In March, a promoter for the event said that the band was forced to cut four songs -- "Brown Sugar," "Honky Tonk Women," "Beast of Burden" and "Let's Spend the Night Together" -- from a potential set list, by order of the Chinese Ministry of Culture. However, the Stones claim that no such demands were made. "Two of the songs erroneously reported to have been banned were not even on the list of songs submitted for possible inclusion in the band's performance," a spokesperson for the band said.
The concerts follow the release of 40 Licks in China, the first legitimate Stones release in the country's history. Which isn't to say that albums by the Rolling Stones can't be found in China. While most Western albums wouldn't pass muster with the Culture Ministry, the country's bootleg industry deals with volume in the millions.

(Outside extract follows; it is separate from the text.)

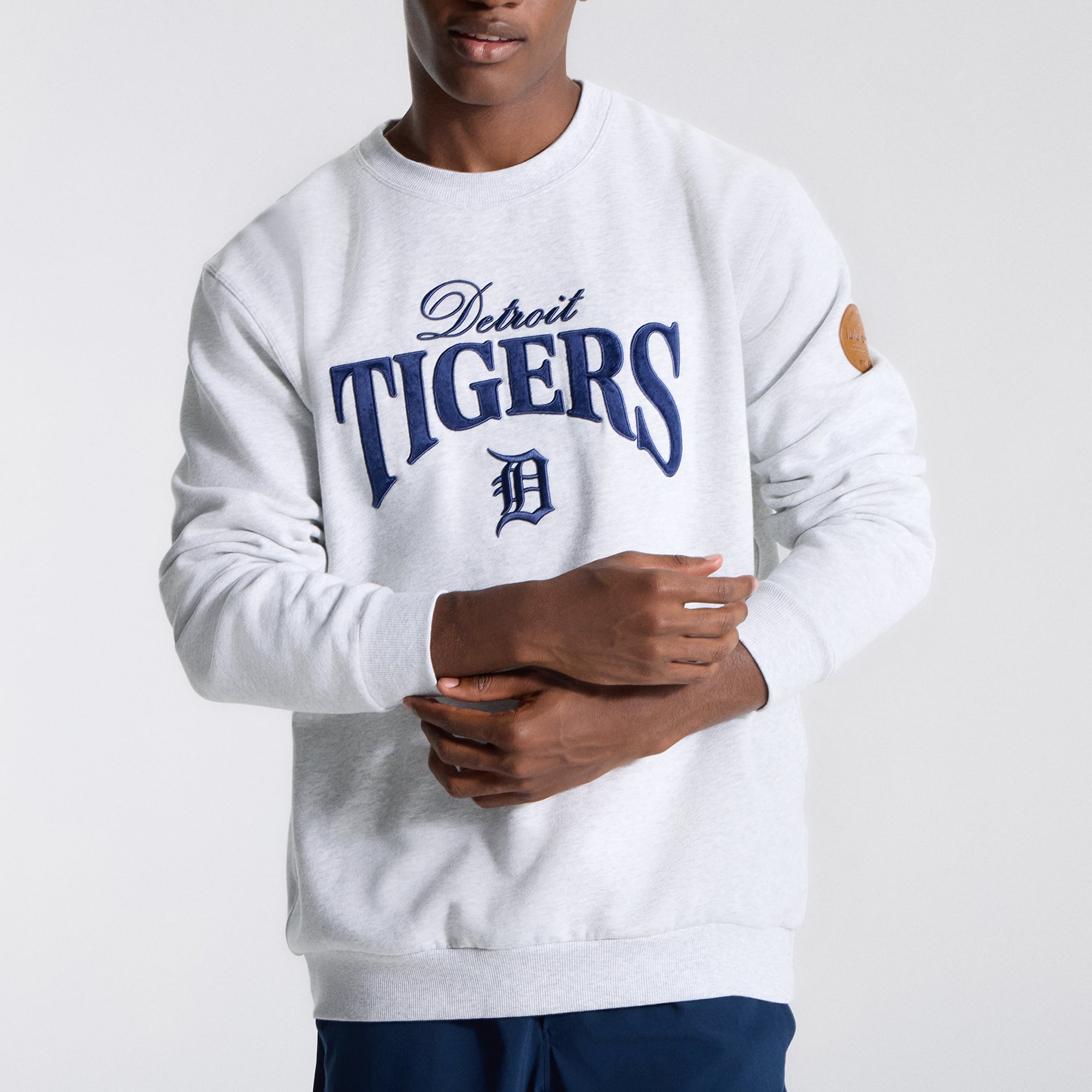 Men's lululemon Heathered Core Ultra Light Grey Detroit Tigers Steady State Sweatshirt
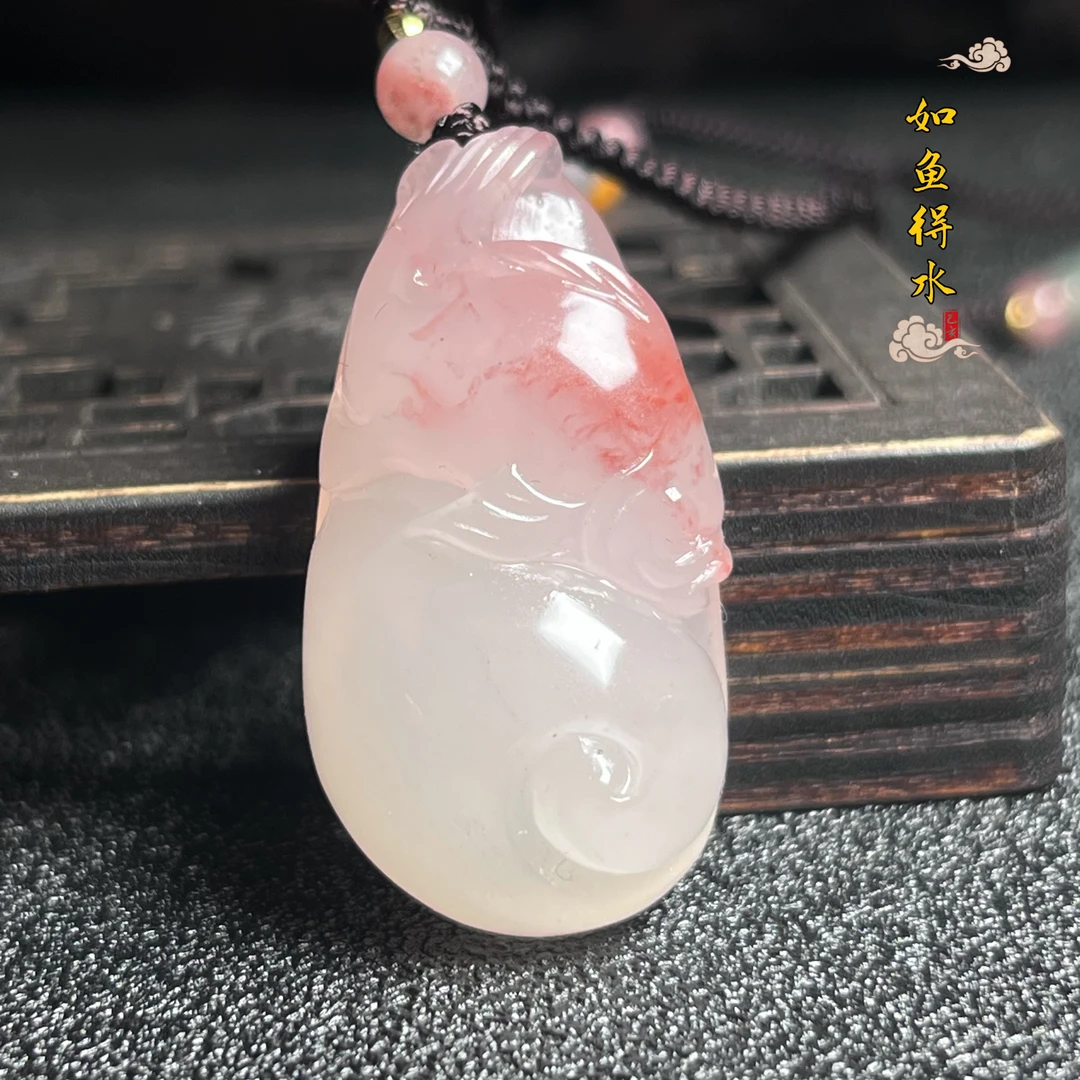 鸡血玉年年有余吊坠挂件手工俏色雕刻项链白底红鱼项链桂林玉包邮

Because so many albums are pressed in Asia, export-quality albums find their way to the black market through deliberate factory overruns. And a thriving replication industry has helped lead to a bootleg industry in China estimated at more than ninety percent of the country's album sales, the largest piracy figure in the world, according to the International Recording Media Association, a global watchdog organization akin to the Recording Industry Association of America.
Some artists like Eminem (whose albums likely will never have a legitimate distribution channel in Asia) and Radiohead (banned after appearing at the 1998 Tibetan Freedom Concert) are a non-presence outside the bootleg market. But the inroads attempted with authorized releases -- like EMI's 40 Licks and the 1999 release of Yellow Submarine, the first Beatles album authorized in China -- have been undermined by an illegal industry that offers albums for the equivalent of fifty cents.
"Anything over here, you hear over there," says David O'Dell, an Austin, Texas, native, who worked as an A&R rep for Rock Records and Magic Stone, two upstarts in China. "But it's not played on the radio, because that's illegal. So the demand for CDs is enormous."
O'Dell says that the profitability of bootlegs makes legitimate releases a losing proposition for those trying to legitimately export music. "It's easy for the record store to buy the pirated ones for pennies with a profit margin that's huge," he says. "The legal pressings are an extremely low quantity, and you'd have to pay U.S. prices. Nobody can afford that. For pirates, it's too cheap; we get everything made in China. It's just our way of life, and it's biting back. But I don't think Mick Jagger is hurting."
Keith Richards, for his part, doesn't seem to be either. "It's about time they let us in," he told the press at the time the shows were announced. The two concerts -- set for April 1st in Shanghai and April 4th in Beijing -- are the band's first performances in China; a request to play a concert in 1970 was rejected.
And as for the bootleggers, the game has grown a bit more complicated. IRMA's latest figures are from 2001. Stats from 2002 will likely be processed later this year and will reveal whether or not China has been able to make any headway in curbing the bootlegging. In the late Nineties the government shut down more than thirty factories guilty of illegally copying CDs. But a crackdown on the bootleggers has just moved the production centers to neighboring areas like Hong Kong, which continues to feed an audience craving the Western sounds its government predominantly prohibits.